• _RECORDS FOR THE TASK_
◆ ◆ ◆ ◆ ◆

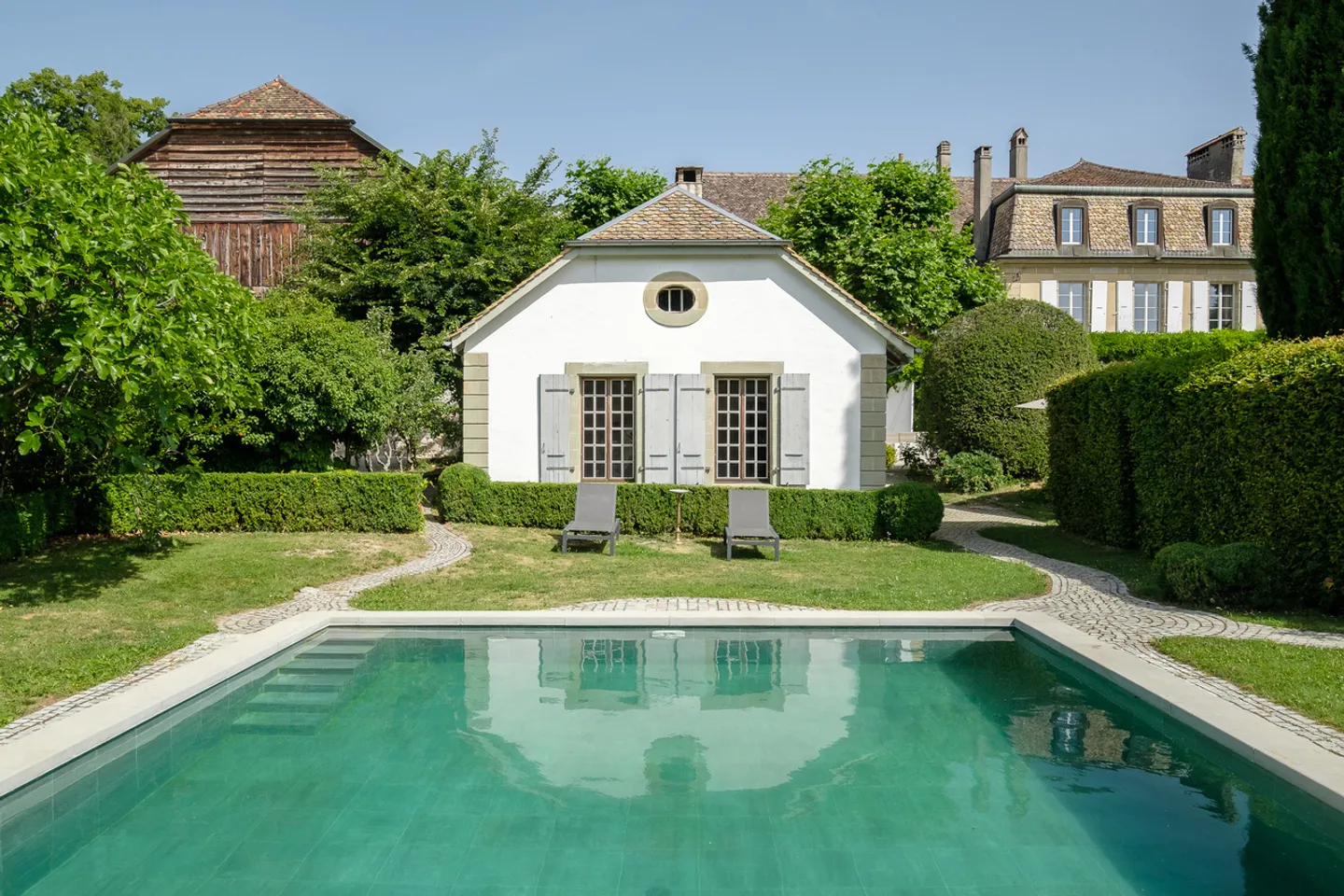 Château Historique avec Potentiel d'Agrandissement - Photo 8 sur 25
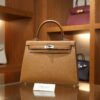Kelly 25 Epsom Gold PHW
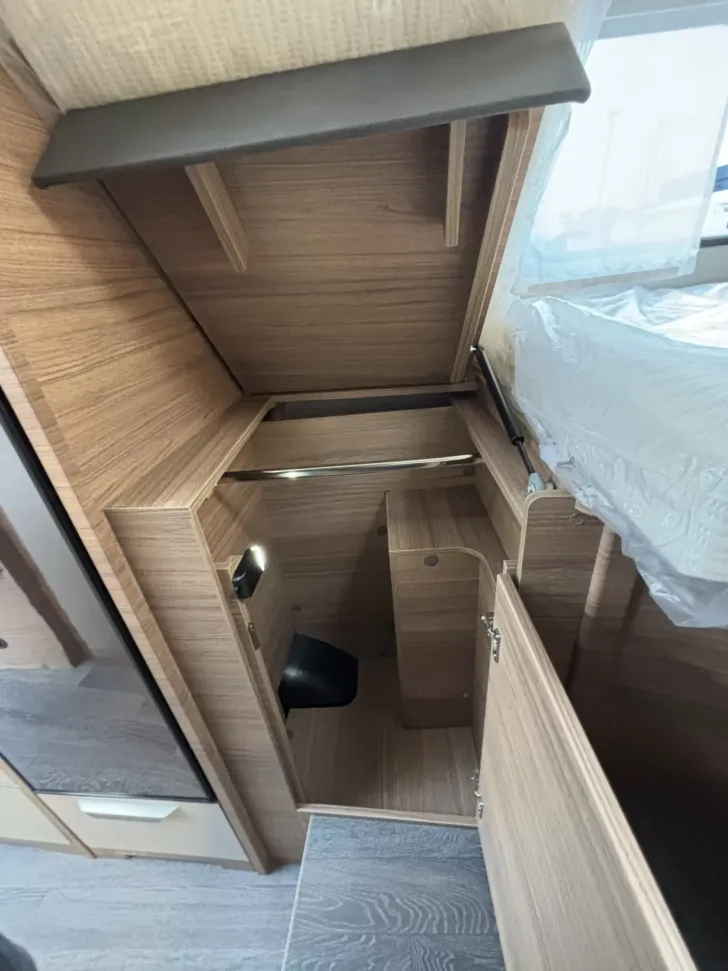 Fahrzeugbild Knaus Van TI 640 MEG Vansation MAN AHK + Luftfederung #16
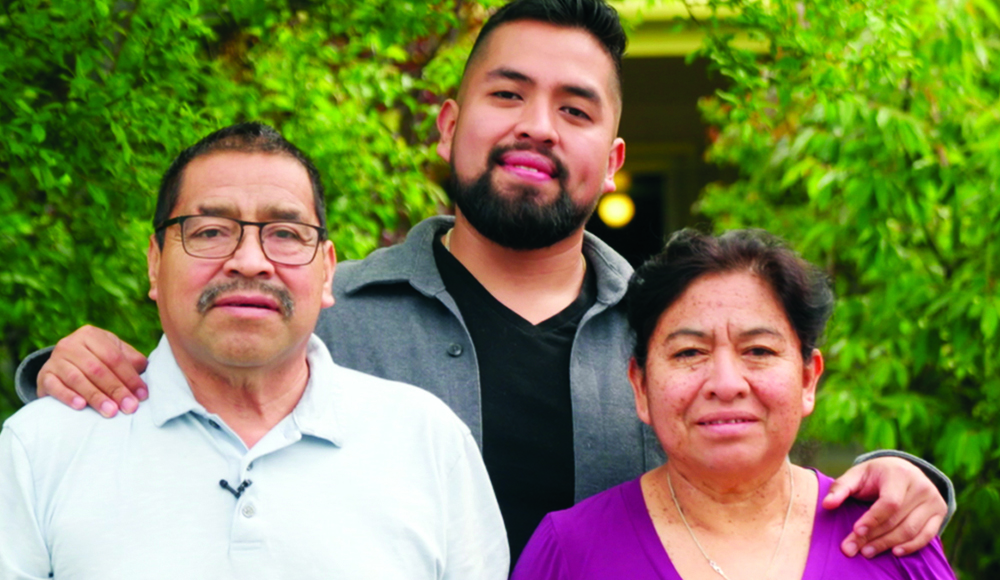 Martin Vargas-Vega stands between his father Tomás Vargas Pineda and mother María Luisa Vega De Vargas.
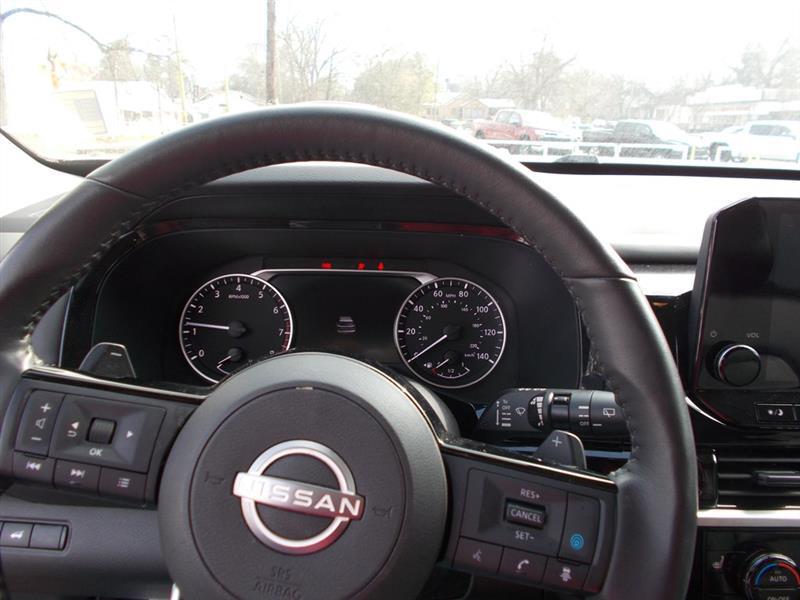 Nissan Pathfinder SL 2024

◆ ◆ ◆ ◆ ◆

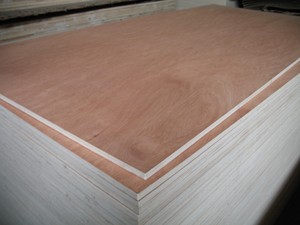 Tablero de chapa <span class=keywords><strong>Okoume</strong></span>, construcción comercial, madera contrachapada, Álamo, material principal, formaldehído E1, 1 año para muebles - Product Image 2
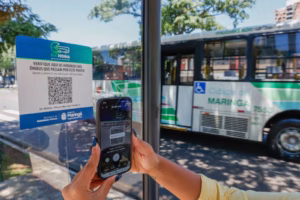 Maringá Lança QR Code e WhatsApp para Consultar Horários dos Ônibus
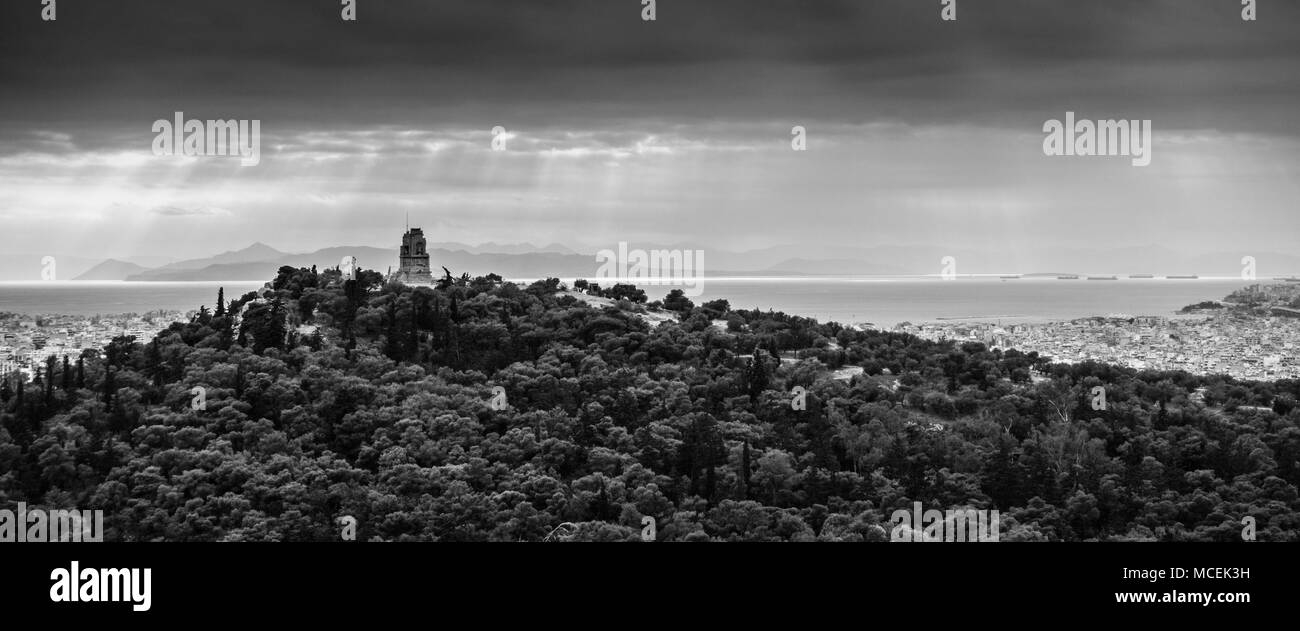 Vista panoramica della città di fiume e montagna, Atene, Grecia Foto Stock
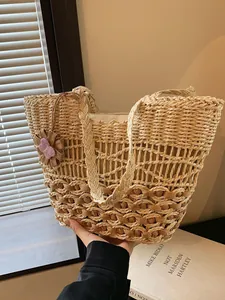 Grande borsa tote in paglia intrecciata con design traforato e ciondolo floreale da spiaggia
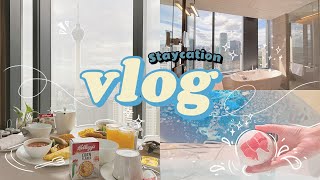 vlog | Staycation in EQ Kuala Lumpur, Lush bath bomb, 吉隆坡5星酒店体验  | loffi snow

◆ ◆ ◆ ◆ ◆

Output only the stretch above from the line with "Château Historique avec" through the line with "Nissan Pathfinder SL 2024", reproduced exactly. Exclude pictures.

 Château Historique avec Potentiel d'Agrandissement - Photo 8 sur 25
Kelly 25 Epsom Gold PHW
 Fahrzeugbild Knaus Van TI 640 MEG Vansation MAN AHK + Luftfederung #16
 Martin Vargas-Vega stands between his father Tomás Vargas Pineda and mother María Luisa Vega De Vargas.
 Nissan Pathfinder SL 2024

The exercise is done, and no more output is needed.